• [Data provided]:
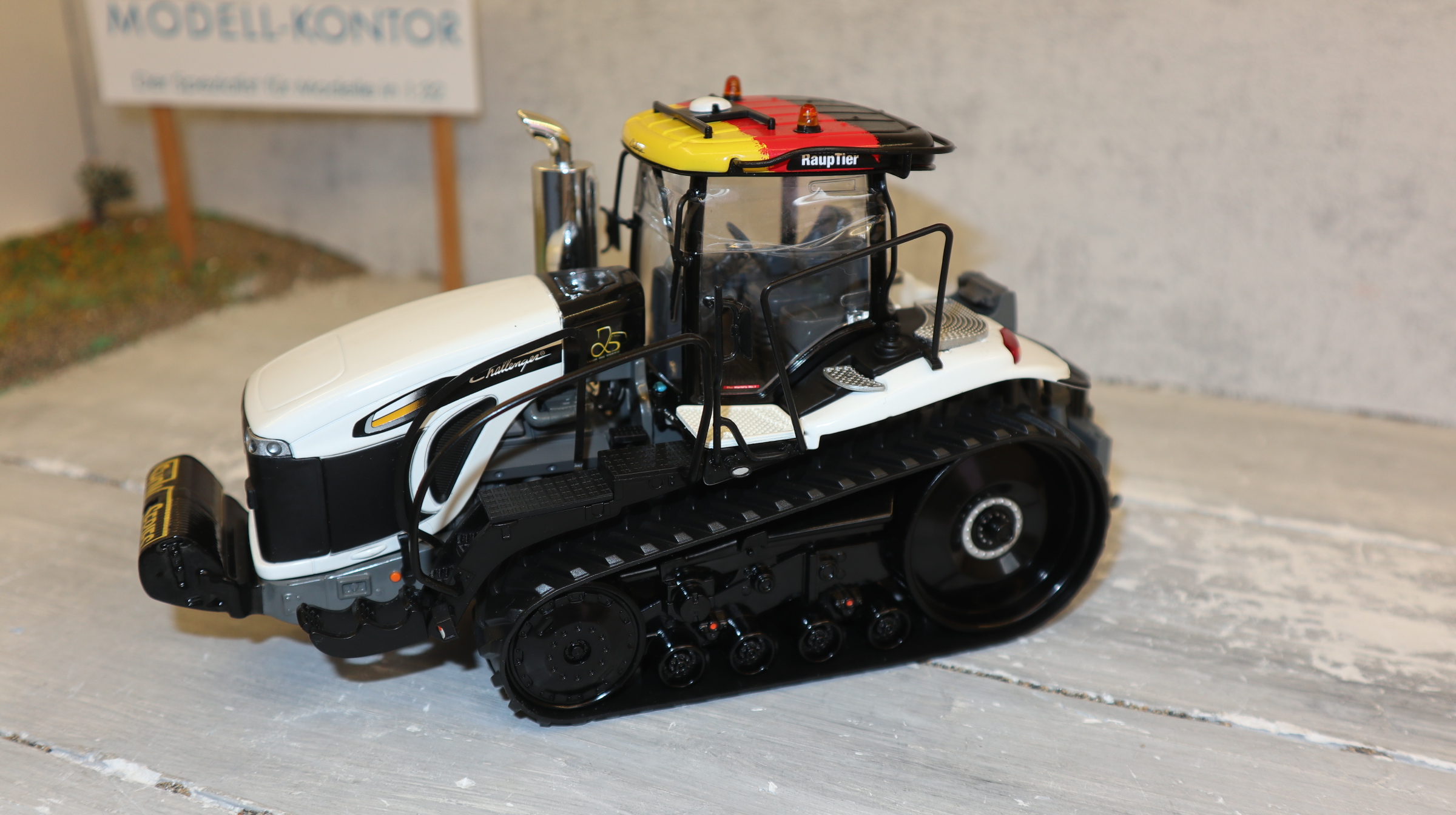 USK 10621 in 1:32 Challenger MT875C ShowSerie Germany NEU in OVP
--
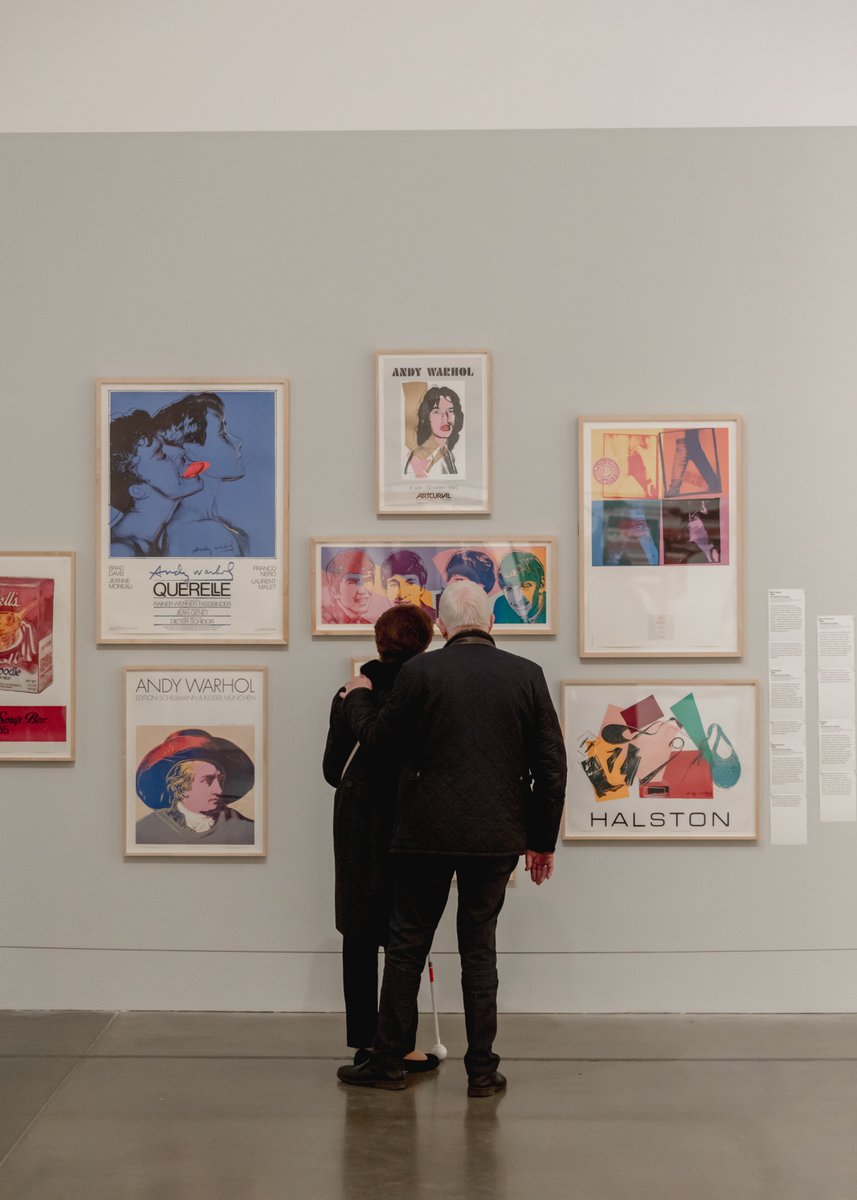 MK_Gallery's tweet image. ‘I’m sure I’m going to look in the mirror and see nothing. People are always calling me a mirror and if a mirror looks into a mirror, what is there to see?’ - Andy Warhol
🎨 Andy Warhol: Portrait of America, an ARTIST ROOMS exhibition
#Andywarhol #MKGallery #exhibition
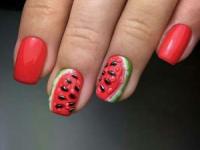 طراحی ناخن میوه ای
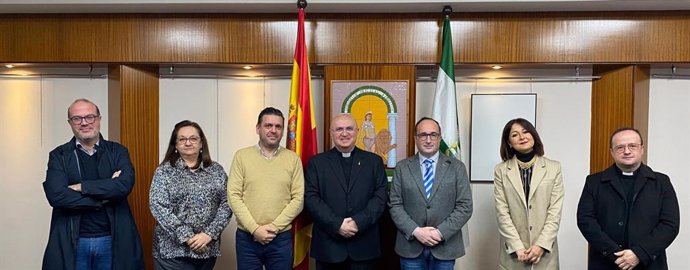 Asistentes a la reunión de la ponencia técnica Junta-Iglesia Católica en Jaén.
--
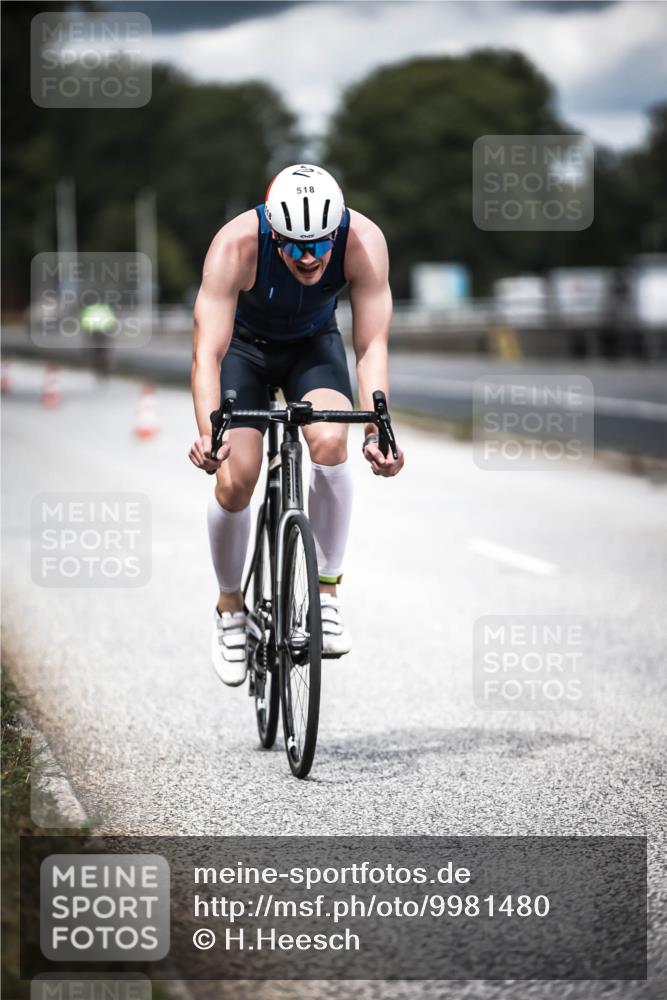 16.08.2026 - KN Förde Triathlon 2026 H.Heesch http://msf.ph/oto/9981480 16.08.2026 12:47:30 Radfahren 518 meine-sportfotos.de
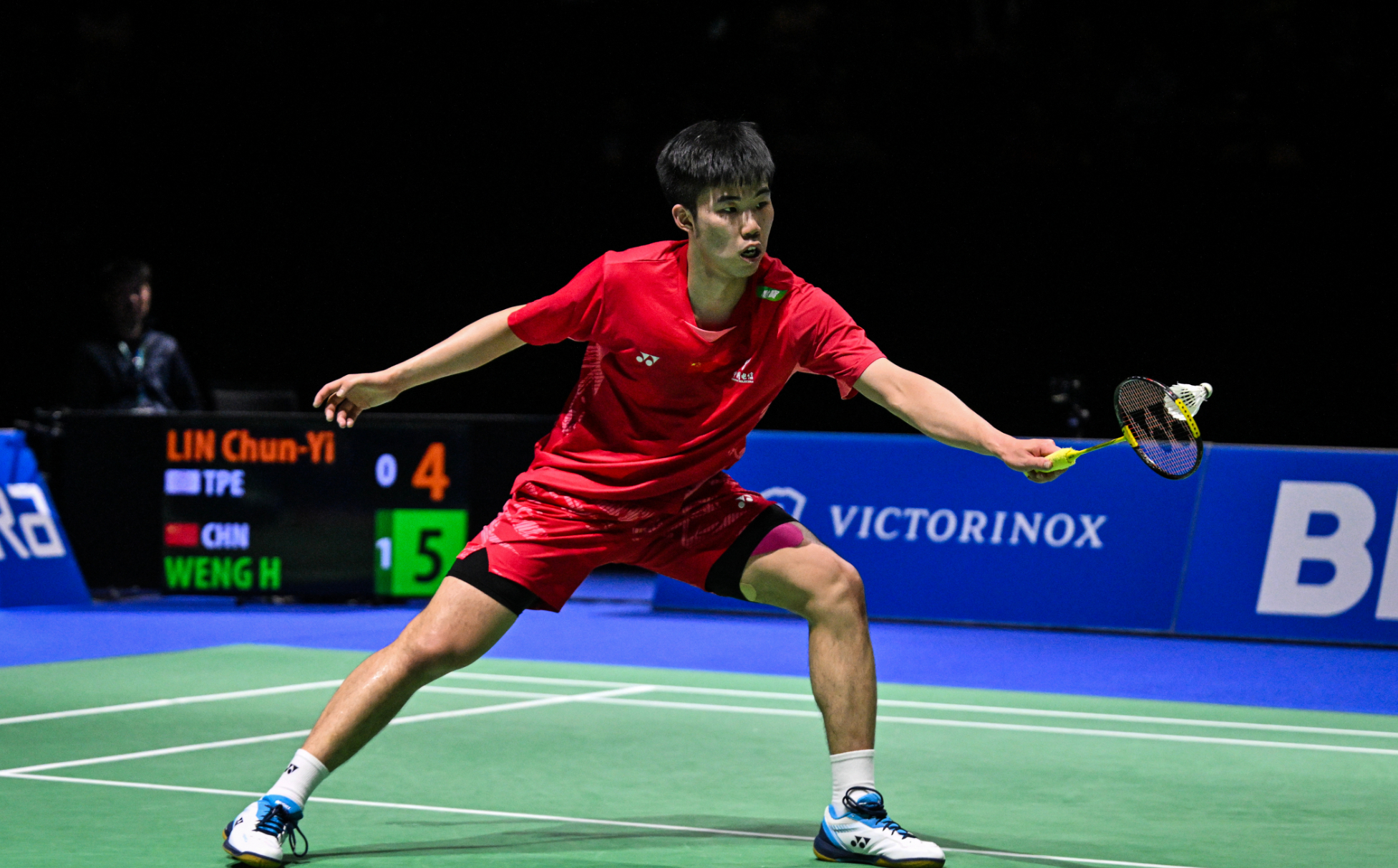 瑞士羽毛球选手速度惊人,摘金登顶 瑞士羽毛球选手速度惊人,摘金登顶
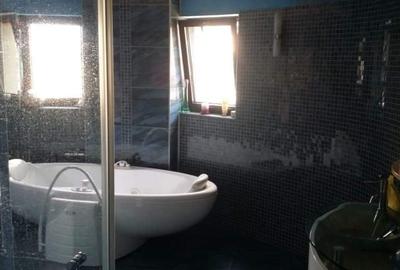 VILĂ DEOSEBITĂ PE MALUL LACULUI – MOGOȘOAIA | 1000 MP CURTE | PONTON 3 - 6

• [What you should do]:
Using the data above, set down each line from the line with "瑞士羽毛球选手速度惊人,摘金登顶 瑞士羽毛球选手速度惊人,摘金登顶" to the line with "VILĂ DEOSEBITĂ PE" exactly, both ends included, and leave the pictures behind. Nothing else belongs.

• [Expected answer]:
 瑞士羽毛球选手速度惊人,摘金登顶 瑞士羽毛球选手速度惊人,摘金登顶
 VILĂ DEOSEBITĂ PE MALUL LACULUI – MOGOȘOAIA | 1000 MP CURTE | PONTON 3 - 6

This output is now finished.